-
Notifications
You must be signed in to change notification settings - Fork 0
Description
Hi, I'm Carlos from the workshop on open science at EPFL/ETHZ (June 2022). First congrats on the paper, it is always a lot of work and it is very nice you shared the code. Also it is very nice that you provided a license.
I have some comments and feedback to you here. I separate the comments in 3 sections. First section some issues regarding the scripts, second about R packages and third some suggestions on what you could do here, from my point of view.
Running the scripts
It is also not possible to run the scripts. There are some reasons for why I could not run it:
- There are two folders without any description of what they are, probably someone with domain knowledge know it
- Files to run the analysis are not available in the repo and not indication where they can be downloaded. It seems that in one of the scripts you are using Rdata, no mention from where it comes. To be more specific it is the following line:
load("Input/InputReady.Mod2.Rdata") - Also in the same script, the folder "Code" is being referenced:
source("Code/functions.needed.R")
so it might be better to just change the Code to the current folder, as I see that the script is there. - File paths are all absolute paths
- No mention about the libraries being used
- No mention of which R version is being used
- No header in the scripts, what they do
R package - documentation
You mention this is a R package for the paper.
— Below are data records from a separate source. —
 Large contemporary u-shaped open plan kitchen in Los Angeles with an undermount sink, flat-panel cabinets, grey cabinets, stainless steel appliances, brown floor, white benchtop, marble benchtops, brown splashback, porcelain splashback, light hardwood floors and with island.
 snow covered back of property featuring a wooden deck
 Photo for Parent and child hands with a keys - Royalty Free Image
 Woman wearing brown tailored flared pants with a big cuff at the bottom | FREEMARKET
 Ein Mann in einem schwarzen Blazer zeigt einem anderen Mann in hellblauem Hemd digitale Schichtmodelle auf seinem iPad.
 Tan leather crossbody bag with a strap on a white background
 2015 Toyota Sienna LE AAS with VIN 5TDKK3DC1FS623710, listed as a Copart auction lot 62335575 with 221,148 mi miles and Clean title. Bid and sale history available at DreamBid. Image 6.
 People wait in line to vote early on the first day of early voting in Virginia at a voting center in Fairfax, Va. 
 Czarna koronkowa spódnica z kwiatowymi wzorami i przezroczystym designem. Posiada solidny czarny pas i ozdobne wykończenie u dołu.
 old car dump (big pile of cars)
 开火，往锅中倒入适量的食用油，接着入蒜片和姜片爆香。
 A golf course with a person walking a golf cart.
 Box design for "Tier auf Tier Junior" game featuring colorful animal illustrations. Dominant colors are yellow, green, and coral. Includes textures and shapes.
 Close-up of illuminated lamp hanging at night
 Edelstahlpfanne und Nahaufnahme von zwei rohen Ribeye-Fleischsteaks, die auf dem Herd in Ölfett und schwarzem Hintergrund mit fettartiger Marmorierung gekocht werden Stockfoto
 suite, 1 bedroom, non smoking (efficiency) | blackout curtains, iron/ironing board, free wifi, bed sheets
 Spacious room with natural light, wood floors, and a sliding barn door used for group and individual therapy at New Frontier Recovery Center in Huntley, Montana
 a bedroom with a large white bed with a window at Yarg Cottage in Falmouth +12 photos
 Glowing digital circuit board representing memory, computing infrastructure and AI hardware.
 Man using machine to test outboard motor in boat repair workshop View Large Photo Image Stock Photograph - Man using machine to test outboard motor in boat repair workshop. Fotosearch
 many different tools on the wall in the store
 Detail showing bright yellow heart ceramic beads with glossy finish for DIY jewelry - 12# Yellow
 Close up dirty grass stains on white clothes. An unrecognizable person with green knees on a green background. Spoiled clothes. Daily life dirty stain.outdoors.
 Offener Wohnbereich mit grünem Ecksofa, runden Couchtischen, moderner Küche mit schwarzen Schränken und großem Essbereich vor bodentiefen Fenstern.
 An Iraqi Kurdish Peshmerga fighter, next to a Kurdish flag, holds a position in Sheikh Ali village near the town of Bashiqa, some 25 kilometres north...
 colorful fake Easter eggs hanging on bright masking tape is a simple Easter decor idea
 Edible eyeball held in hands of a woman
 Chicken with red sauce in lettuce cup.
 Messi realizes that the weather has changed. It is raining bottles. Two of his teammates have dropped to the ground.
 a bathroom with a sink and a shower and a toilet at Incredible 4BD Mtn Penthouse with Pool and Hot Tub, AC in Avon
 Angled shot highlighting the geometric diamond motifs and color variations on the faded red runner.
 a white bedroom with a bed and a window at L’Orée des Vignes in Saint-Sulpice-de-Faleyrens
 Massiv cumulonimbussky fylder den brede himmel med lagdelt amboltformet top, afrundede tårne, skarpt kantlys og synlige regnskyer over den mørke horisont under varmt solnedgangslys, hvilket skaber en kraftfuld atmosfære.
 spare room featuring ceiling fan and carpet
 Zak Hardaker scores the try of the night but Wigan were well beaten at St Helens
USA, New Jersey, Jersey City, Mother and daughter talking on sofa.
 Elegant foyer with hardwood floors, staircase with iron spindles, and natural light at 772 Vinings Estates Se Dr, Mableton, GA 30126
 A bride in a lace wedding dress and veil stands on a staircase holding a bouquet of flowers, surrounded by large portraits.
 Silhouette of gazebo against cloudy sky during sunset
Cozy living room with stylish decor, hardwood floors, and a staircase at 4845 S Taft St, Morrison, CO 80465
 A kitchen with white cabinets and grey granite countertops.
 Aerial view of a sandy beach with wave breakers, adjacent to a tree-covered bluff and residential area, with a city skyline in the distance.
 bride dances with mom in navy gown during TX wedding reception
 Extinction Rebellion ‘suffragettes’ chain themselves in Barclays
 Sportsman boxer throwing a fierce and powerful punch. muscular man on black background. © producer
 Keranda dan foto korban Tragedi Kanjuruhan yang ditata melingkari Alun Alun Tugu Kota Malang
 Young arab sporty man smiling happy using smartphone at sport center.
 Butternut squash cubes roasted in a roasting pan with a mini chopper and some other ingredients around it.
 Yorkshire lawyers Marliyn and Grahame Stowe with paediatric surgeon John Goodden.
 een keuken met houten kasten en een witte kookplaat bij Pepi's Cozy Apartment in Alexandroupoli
By looking at the scripts and folder structure, this is not a R package. The structure for a R package is missing. A good website that says how to produce a R package is https://r-pkgs.org/.
Suggestions
I think your project would benefit from a folder structure for data science projects. For this you don't need to make a R package. My recommendations are the follow:
- Create three top level folders: data, scripts and results
- In the scripts folder, add some subfolders and organize the scripts as you seem fit
- Put all the raw data in the data folder
- The results folder is where you save the analysis results, such as images and even intermediate rds files
- Do never use Rdata to save results, use only rds files to save intermediate states, this way you are explicit on what you are saving. If you are using Rdata, you are saving the environment and this way it is impossible to know what you are loading by just looking at the script. Also this increases the chance of having bugs and unexpected results
- When running a R project, start a project directly from Rstudio. This makes it easier to work across different projects. Here is a link with more information for this: https://support.rstudio.com/hc/en-us/articles/200526207-Using-RStudio-Projects
- If your project is self contained, try to use relative paths, this way any person could download the files and run the scripts. Provided they keep the folder structure.
- In each script, try to include headers with the following information: author, email, date (when you did the analysis) and a brief description of what the script is doing.
- Another option when using R is to use quarto (https://quarto.org/). This way you can mingle R with markdown, getting very beautiful reports. This way you can mix code and text, where you can explain more what is happening and why you are doing this. I have a repo here with an example: https://chronchi.github.io/transcriptomics
- When documenting the functions, try to follow the Roxygen guidelines, check the r-pkgs website, they explain it more there (https://r-pkgs.org/man.html). What is very nice from doing this is that you get the vignettes in either pdf or html automatically. No need to write more stuff besides what is in the script.
- For the libraries you can have a requirements.txt file stating which libraries you are using
Others
If you have any question or want to discuss more, feel free to drop me an email as well at carlos.ronchi@epfl.ch, besides replying to this issue.
I wish you good luck with your research!